On 13 September 2019, the Prime Minister Jacinda Ardern and Police Minister Stuart Nash announced that the Government would be introducing a second gun control bill later that month to combat the flow of guns into criminal gangs. The opposition National Party, which had obtained a leaked draft of the bill in August, and gun lobby groups claimed that the bill would unfairly target firearm owners and gun clubs.

===First reading===
On 23 September 2019, the National Party's police spokesperson Brett Hudson requested thirteen changes for the proposed gun bill including introducing firearms prohibition orders, introducing safeguards on health professionals reporting patients to the New Zealand Police, and providing flexibility for gun clubs, shooting rangers, and pest controllers. That same day, the Arms Legislation Bill passed its first reading. While the Labour, Green, and New Zealand First parties supported the bill, it was opposed by the National and ACT parties.

===Second reading===
On 19 February 2020, the Arms Legislation Bill passed its second reading by a margin of 63 to 57 votes. Labour, the Greens, and NZ First supported the bill while National, ACT, and independent MP Jami-Lee Ross opposed the bill. National MP Hudson attempted to introduce seven amendments that included removing the proposed gun register, exemptions and changes to the "fit and proper person test" relating to violent, hate speech, and extremism. ACT MP David Seymour also proposed amendments eliminating the gun register, new regulations on shooting clubs, and a provision for doctors to report on "dangerous" patients. These amendments were not accepted. In addition, the Council of Licensed Firearm Owners (COLFO) tried unsuccessfully to lobby NZ First into reversing their support for the bill.

===Third reading===
On 18 June 2020, the Arms Legislation Bill passed its third reading by a margin of 63 to 50 votes. Labour, the Greens, and NZ First supported the bill while National, ACT, and Independent MP Jami-Lee Ross opposed the bill. Only 48 National MPs voted since the others were absent due to COVID-19 flight disruptions. In return for support the bill's passage into law, Labour agreed to incorporate New Zealand First's proposal that an independent entity be established to take over firearms licensing and administration from the Police. In addition, the Bill also allowed members of the farming community, owners and managers of agricultural businesses to apply for endorsements to use prohibited firearms for pest control without having to establish a company to carry out the work. The opposition National and ACT parties, and the Council of Licensed Firearms Owners (COLFO) criticised the bill for allegedly penalising law-abiding gun owners. By contrast, the New Zealand Police Association supported the bill, saying that changes were long overdue.

===Royal assent===
The bill received royal assent on 24 June 2020 and commenced on 25 June 2020.

===Proposed amendment===
In May 2024, the Sixth National Government introduced legislation to amend Part 6 of the Arms Legislation Act, which requires oversight and regulation of shooting clubs and ranges. Public consultation on the legislation commenced on 28 May and concluded on 21 June. The New Zealand Police Association, Federation of Islamic Associations of New Zealand, Gun Control New Zealand, and the opposition Labour Party criticised the Government for the short timeframe for public consultation and giving priority to select groups. In response to criticism, Associate Justice Minister Nicole McKee denied that the short consultation process was "non-democratic" and said that "the changes were needed quickly to help club ranges and owners struggling with “burdensome” and “confusing” regulation."

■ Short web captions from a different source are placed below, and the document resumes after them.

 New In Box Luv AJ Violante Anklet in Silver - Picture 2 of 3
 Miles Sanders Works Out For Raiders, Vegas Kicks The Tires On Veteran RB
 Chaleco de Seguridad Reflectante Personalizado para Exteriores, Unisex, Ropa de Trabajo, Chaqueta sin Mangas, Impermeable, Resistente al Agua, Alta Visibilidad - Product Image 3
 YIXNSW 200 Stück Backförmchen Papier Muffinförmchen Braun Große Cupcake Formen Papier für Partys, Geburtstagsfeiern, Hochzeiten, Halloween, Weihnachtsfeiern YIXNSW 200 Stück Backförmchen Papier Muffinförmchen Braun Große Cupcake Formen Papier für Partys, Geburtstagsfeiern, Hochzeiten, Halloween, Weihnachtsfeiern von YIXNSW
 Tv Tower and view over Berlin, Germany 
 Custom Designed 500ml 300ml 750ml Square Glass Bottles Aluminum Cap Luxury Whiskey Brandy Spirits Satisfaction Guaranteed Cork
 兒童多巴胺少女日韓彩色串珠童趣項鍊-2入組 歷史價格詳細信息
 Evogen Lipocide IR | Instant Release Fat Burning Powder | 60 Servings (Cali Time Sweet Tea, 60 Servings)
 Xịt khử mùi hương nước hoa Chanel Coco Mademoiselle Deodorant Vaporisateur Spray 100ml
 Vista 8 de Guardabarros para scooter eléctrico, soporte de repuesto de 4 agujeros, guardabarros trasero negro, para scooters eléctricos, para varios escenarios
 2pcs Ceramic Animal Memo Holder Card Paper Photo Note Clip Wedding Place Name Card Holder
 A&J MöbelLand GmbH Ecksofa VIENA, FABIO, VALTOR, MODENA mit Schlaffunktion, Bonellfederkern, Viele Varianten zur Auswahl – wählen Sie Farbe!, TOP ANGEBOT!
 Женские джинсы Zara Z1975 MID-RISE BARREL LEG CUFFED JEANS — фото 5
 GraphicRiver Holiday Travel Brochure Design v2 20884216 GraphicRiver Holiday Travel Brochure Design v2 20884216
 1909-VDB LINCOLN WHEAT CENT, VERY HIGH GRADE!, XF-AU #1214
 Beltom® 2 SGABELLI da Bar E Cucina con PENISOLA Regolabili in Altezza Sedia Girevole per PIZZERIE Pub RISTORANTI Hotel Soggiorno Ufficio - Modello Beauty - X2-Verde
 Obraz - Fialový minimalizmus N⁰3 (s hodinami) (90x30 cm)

On 12 August 2024, the NZ Police Association's president Chris Cahill called for McKee to be removed from the firearms reform portfolio due to the union's exclusion from the consultation process for the amendment to the Arms Legislation Act. He also accused McKee of being a gun lobbyist. In response to Cahill's criticism, McKee defended the consultation process and said that Police had been consulted.